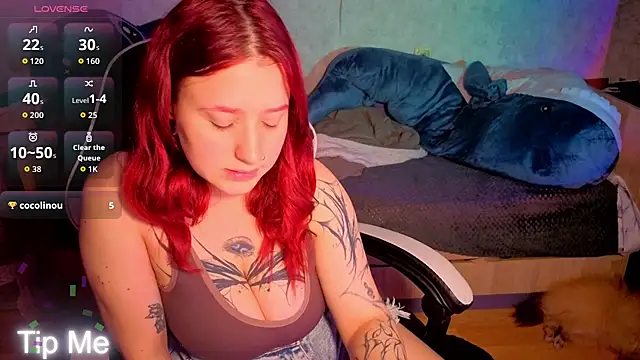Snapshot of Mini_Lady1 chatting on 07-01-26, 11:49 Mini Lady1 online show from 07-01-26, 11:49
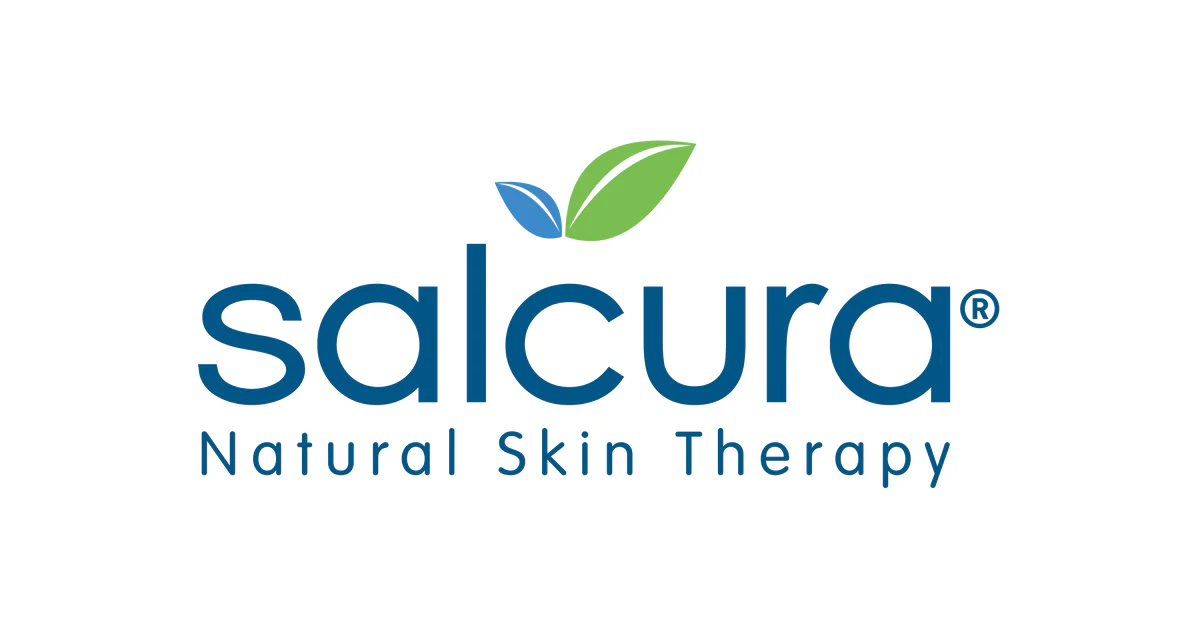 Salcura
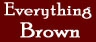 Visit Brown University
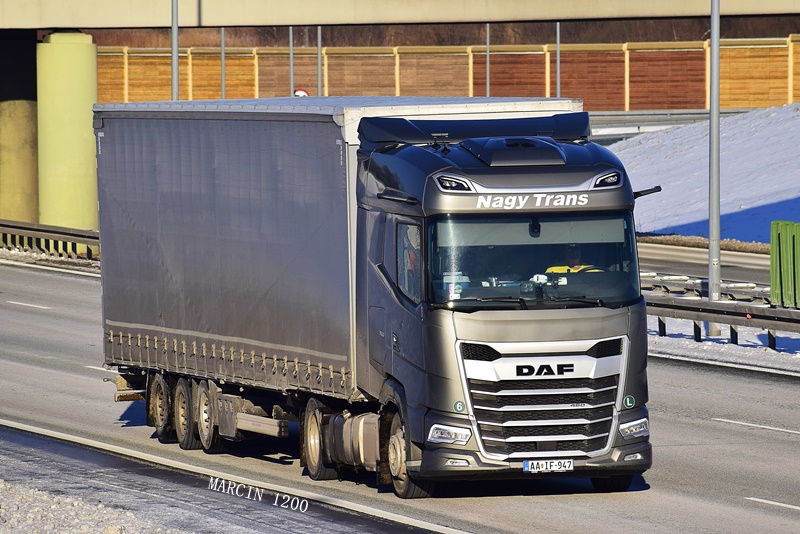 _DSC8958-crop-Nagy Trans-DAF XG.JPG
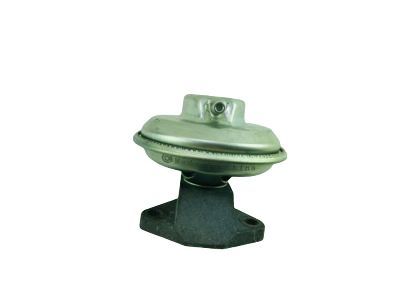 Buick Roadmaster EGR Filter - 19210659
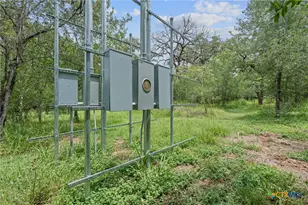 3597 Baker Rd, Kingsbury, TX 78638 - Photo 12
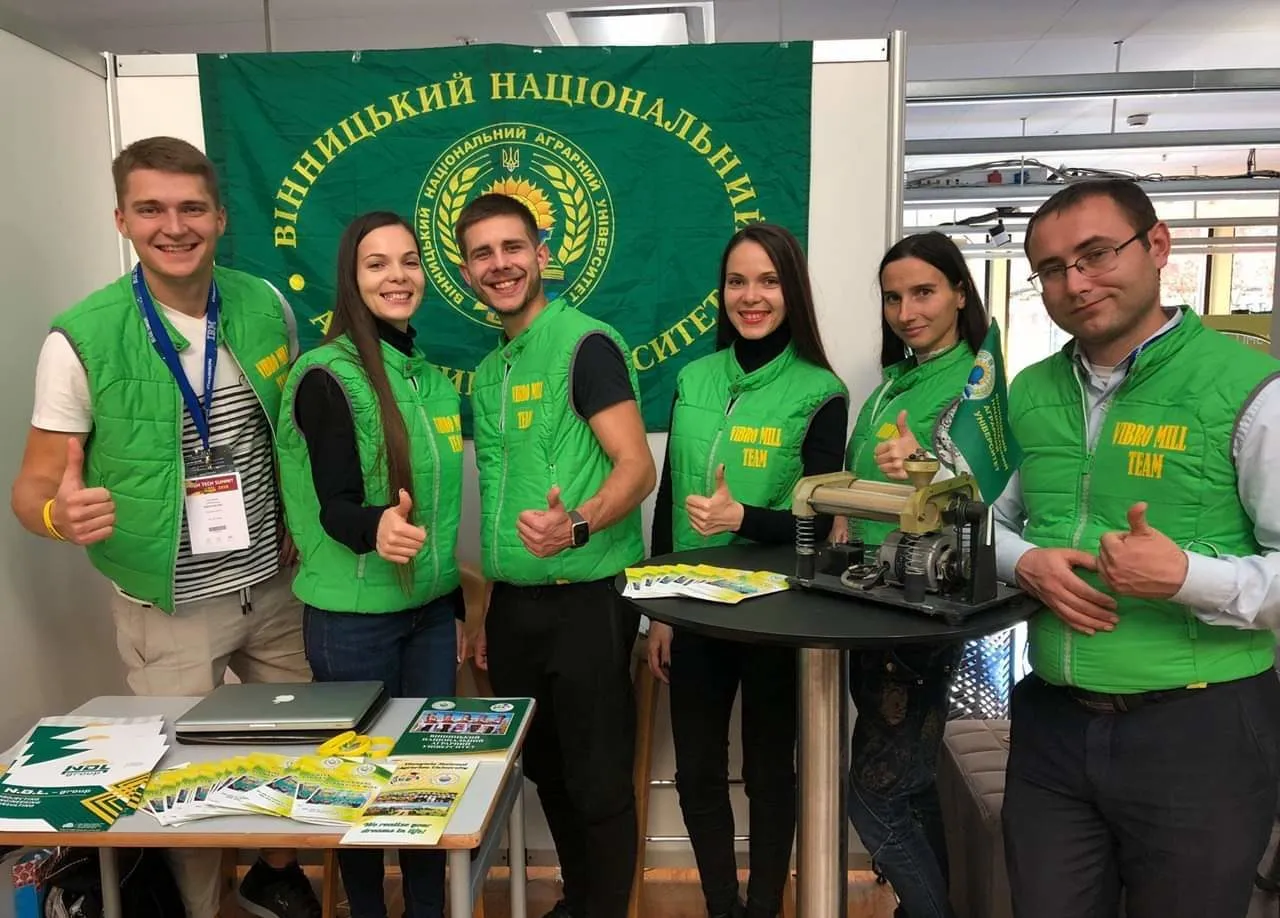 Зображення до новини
---
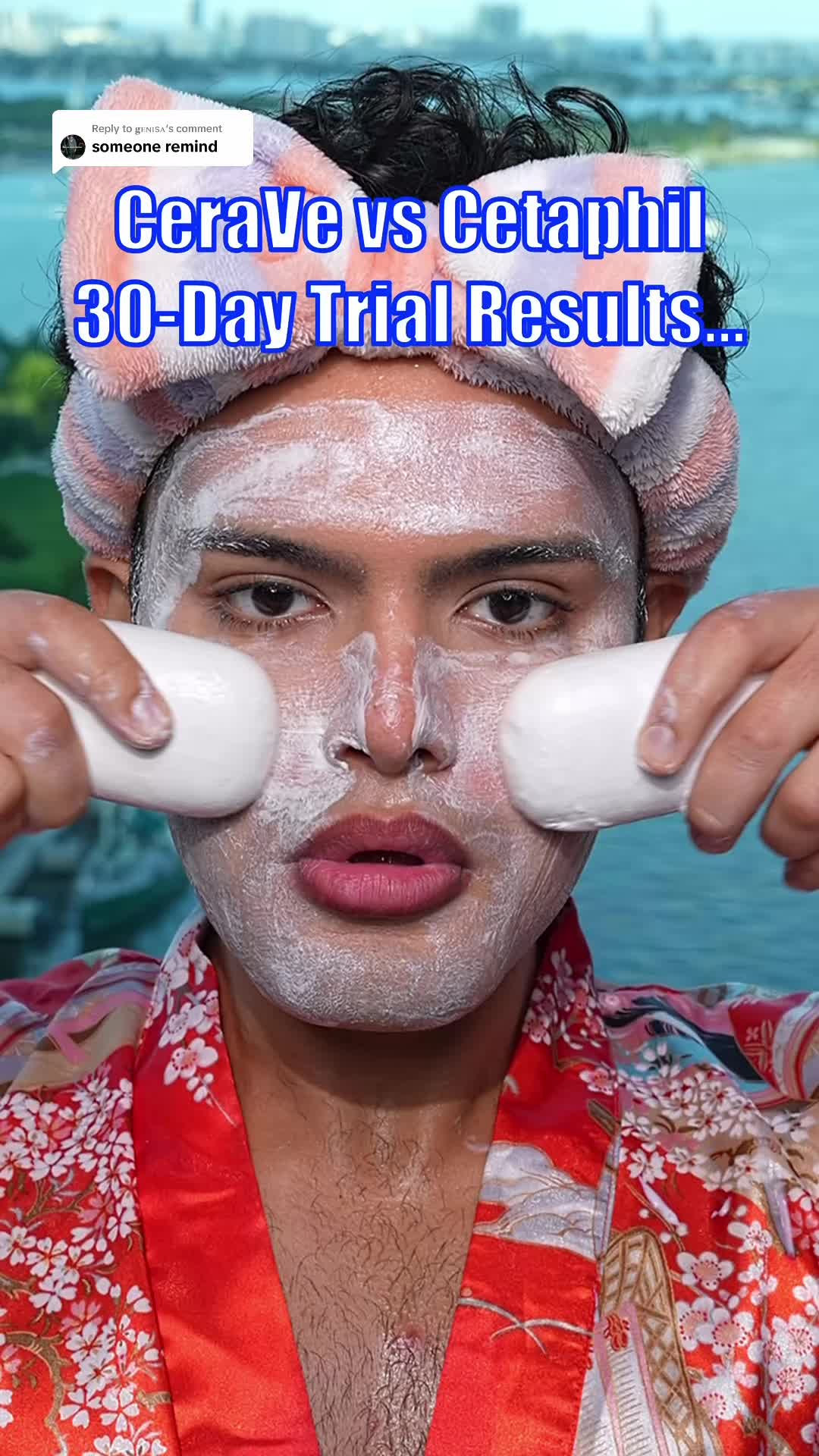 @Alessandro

**Activity**. Both the line containing "Snapshot of Mini_Lady1" and the line containing "3597 Baker Rd, Kingsbury, TX" above belong in the output, as do the lines between them. Print them exactly, without pictures.

**Solution to this exercise**.
Snapshot of Mini_Lady1 chatting on 07-01-26, 11:49 Mini Lady1 online show from 07-01-26, 11:49
 Salcura
 Visit Brown University
 _DSC8958-crop-Nagy Trans-DAF XG.JPG
 Buick Roadmaster EGR Filter - 19210659
 3597 Baker Rd, Kingsbury, TX 78638 - Photo 12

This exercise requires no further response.